A cosa serve il dialetto?
È una domanda che mi rivolgono molti, soprattutto coloro che non lo parlano perché sono cresciuti in famiglie dove è usato solo l’italiano. Rispondere a questa domanda porterebbe via molto spazio, ma qualche osservazione può essere fatta in questa modesta sede.
Inanzitutto è sbagliato considerare i dialetti come volgari “corruzioni” di lingue. I dialetti, propriamente, sono lingue anch’essi. È solo questione di evoluzione.
Prendiamo il veronese; è uno dei tanti dialetti veneti, i quali sono sorti dall’evoluzione che subì il latino nelle Tre Venezie.
A sua volta, il latino fu attorno al 1500 a.C. semplicemente uno dei tanti dialetti dell’indoeuropeo. Retrocedendo ancora, l’indoeuropeo fu attorno al 4500 a.C. semplicemente uno dei dialetti europei nati molto tempo prima da una lingua a cui si dà il nome di “nostratica”.
Ma torniamo al giorno d’oggi. Quando un gruppo di dialetti presenta caratteristiche comuni (certe parole, certi suoni, certe desinenze), allora fa parte di una “lingua”. In Italia, abbiamo propriamente tre lingue distinte: l’italiano, con la sua massa di dialetti (nei quali rientrano il veneto e relative varianti); il ladino, coi suoi dialetti (il romancio, il gardenese, il friuliano); il sardo, diviso anch’esso in vari dialetti.
La lingua ufficiale dell’Italia, quella che io sto usando adesso, è sorta dal dialetto toscano del Trecento. Per molteplici ragioni, questo dialetto si impose gradatamente sugli altri, e divenne l’“italiano”. Però, come già detto, esso divenne lingua ufficiale nella sua forma trecentesca; è ovvio che una lingua cristallizzata a quella fase non poteva servire per esprimere nozioni tecniche, artistiche ecc., venute molto dopo. Così, come tutte le lingue ufficiali, l’italiano ha assorbito parole, modi di dire, suoni da altre lingue, oppure, e arriviamo al dunque, dai dialetti della penisola.
Questa è una riprova dell’importante funzione dei dialetti. Essi rinvigoriscono le sclerotiche lingue ufficiali, introducendo in queste la fantasia, lo spirito creativo del popolo. Solo questo basterebbe a giustificare i dialetti. Per dare un esempio concreto, si osservi quanti termini nel raccontino qui sotto vengono dai dialetti. (Sulla provenienza etimologica delle parole e dei modi di dire, si confronti Paolo Zolli, Le parole dialettali, Milano 1986).

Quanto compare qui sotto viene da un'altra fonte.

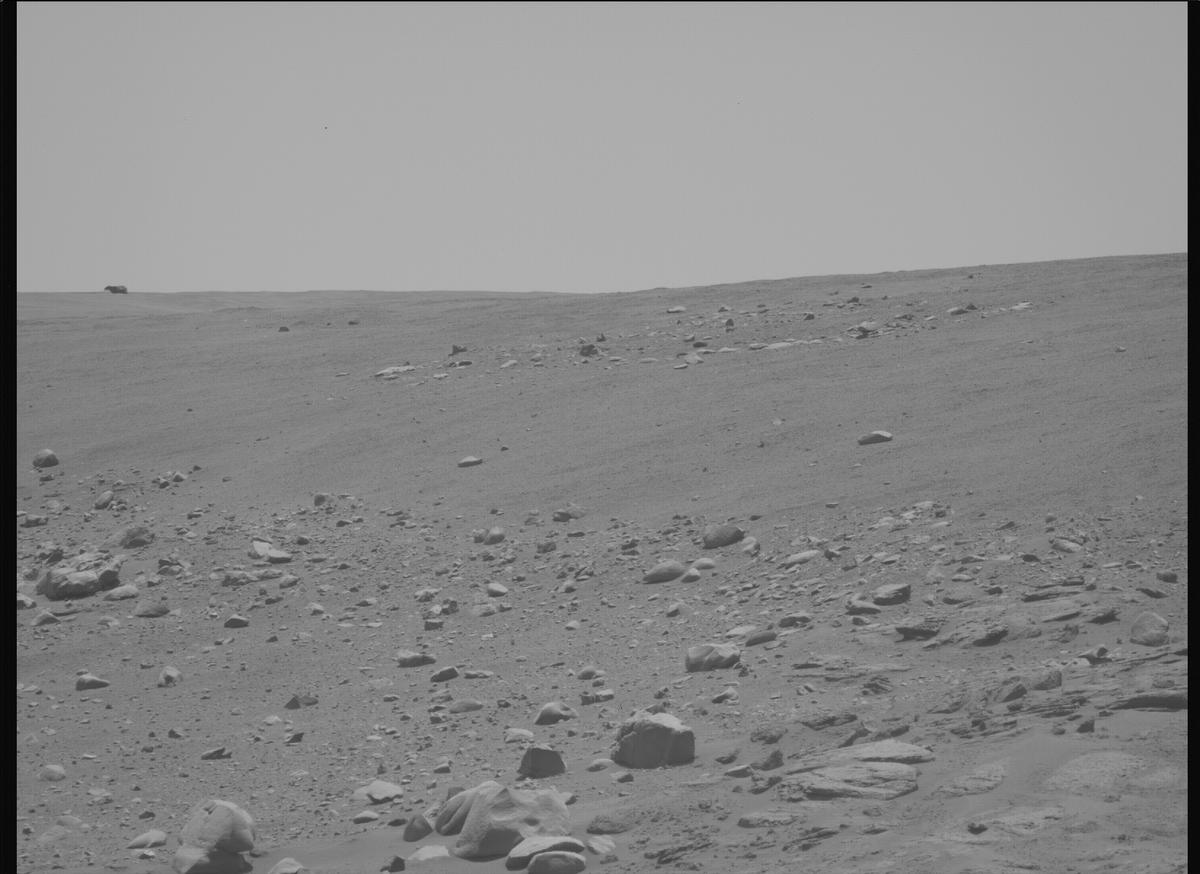 This image was taken by MCZ_LEFT onboard NASA's Mars rover Perseverance on Sol 817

Mi trovavo a Trieste, sul molo1 spazzato dalla bora2. Che scalogna3! Non riuscivo a prendere il traghetto4, ero inguaiato5. Il pontile6 era pieno di gente che sfotteva7 i ritardatari. Di solito8 io non sgarro9 quando ho un orario, ma quello era un giorno iellato10. Ma trovai un bagarino11, finalmente, e potei scivolare12 tra gli altri. Lui era un dritto13, pensava solo a far la grana14, ma gli dissi lo stesso “grazie15!”.

(1. dal genovese; 2-3. dal triestino; 4. dal veneziano; 5. da un dialetto meridionale; 6. dal veneziano; 7. dal romanesco; 8. dal lombardo o dal veneto; 9. dal siciliano; 10-11-12-13. dal romanesco; 14. dal napoletano; 15. dal veneziano).

Giovanni Rapelli

Articolo apparso in “La Voce Socialista” n. 9, 15 dicembre 1988.